Koml\'os' Theorem and the Fixed Point Property for affine mappings

Assume that $X$ is a Banach space of measurable functions for which Koml\'os' Theorem holds. We associate to any closed convex bounded subset $C$ of $X$ a coefficient $t(C)$ which attains its minimum value when $C$ is closed for the topology of convergence in measure and we prove some fixed point results for affine Lipschitzian mappings, depending on the value of $t(C)\in [1,2]$ and the value of the Lipschitz constants of the iterates. As a first consequence, for every $L<2$, we deduce the existence of fixed points for affine uniformly $L$-Lipschitzian mappings defined on the closed unit ball of $L_1[0,1]$. Our main theorem also provides a wide collection of convex closed bounded sets in $L^1([0,1])$ and in some other spaces of functions, which satisfy the fixed point property for affine nonexpansive mappings.

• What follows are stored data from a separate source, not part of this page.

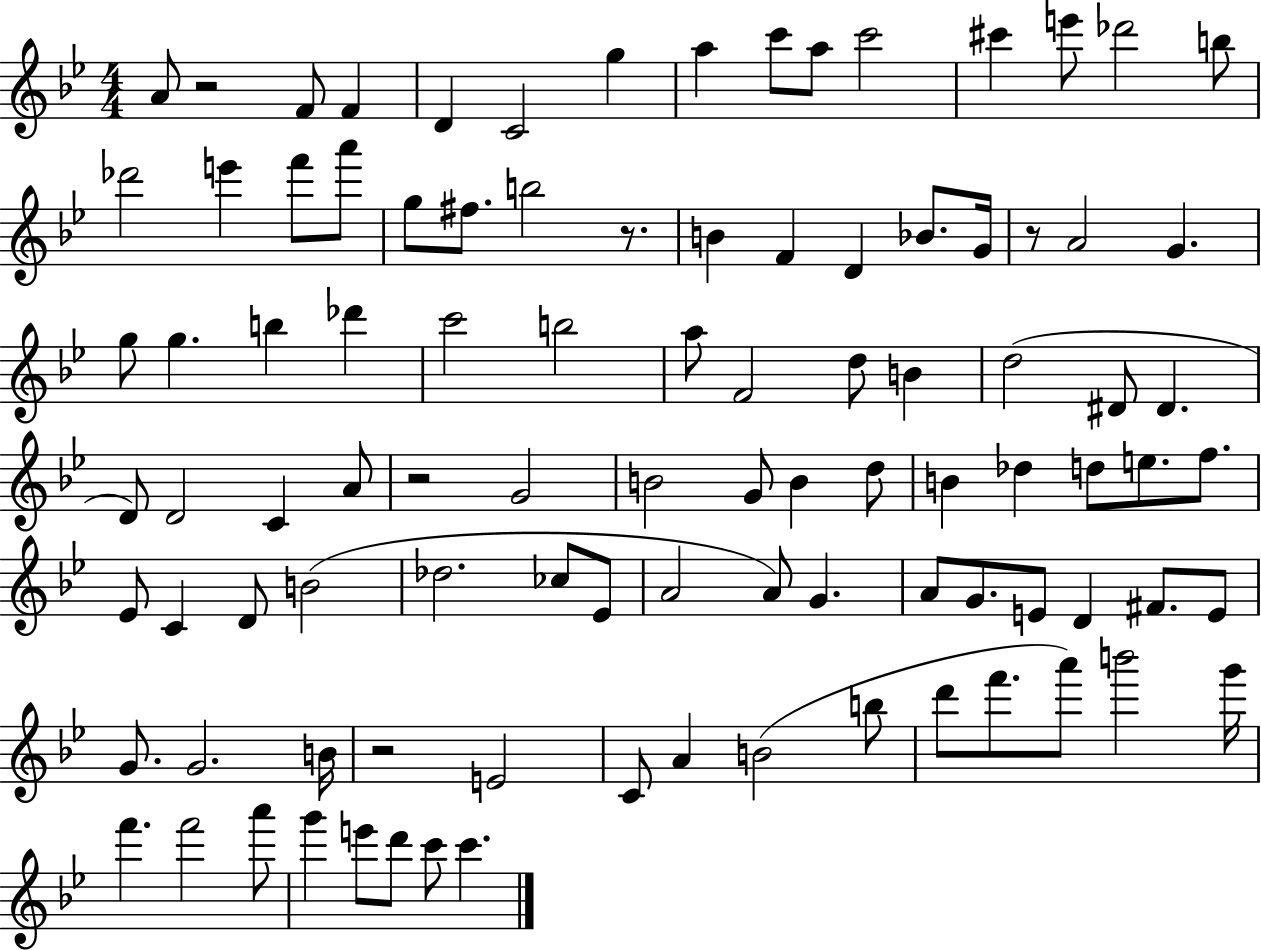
{
  \clef treble
  \numericTimeSignature
  \time 4/4
  \key bes \major
  \repeat volta 2 { a'8 r2 f'8 f'4 | d'4 c'2 g''4 | a''4 c'''8 a''8 c'''2 | cis'''4 e'''8 des'''2 b''8 | \break des'''2 e'''4 f'''8 a'''8 | g''8 fis''8. b''2 r8. | b'4 f'4 d'4 bes'8. g'16 | r8 a'2 g'4. | \break g''8 g''4. b''4 des'''4 | c'''2 b''2 | a''8 f'2 d''8 b'4 | d''2( dis'8 dis'4. | \break d'8) d'2 c'4 a'8 | r2 g'2 | b'2 g'8 b'4 d''8 | b'4 des''4 d''8 e''8. f''8. | \break ees'8 c'4 d'8 b'2( | des''2. ces''8 ees'8 | a'2 a'8) g'4. | a'8 g'8. e'8 d'4 fis'8. e'8 | \break g'8. g'2. b'16 | r2 e'2 | c'8 a'4 b'2( b''8 | d'''8 f'''8. a'''8) b'''2 g'''16 | \break f'''4. f'''2 a'''8 | g'''4 e'''8 d'''8 c'''8 c'''4. | } \bar "|."
}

Furthermore, this property is still preserved by equivalent renormings when the Banach-Mazur distance is small enough. In particular, we prove that the failure of the fixed point property for affine nonexpansive mappings in $L_1(\mu)$ can only occur in the extremal case $t(C)=2$. Examples are displayed proving that our fixed point theorem is optimal in terms of the Lipschitz constants and the coefficient $t(C)$.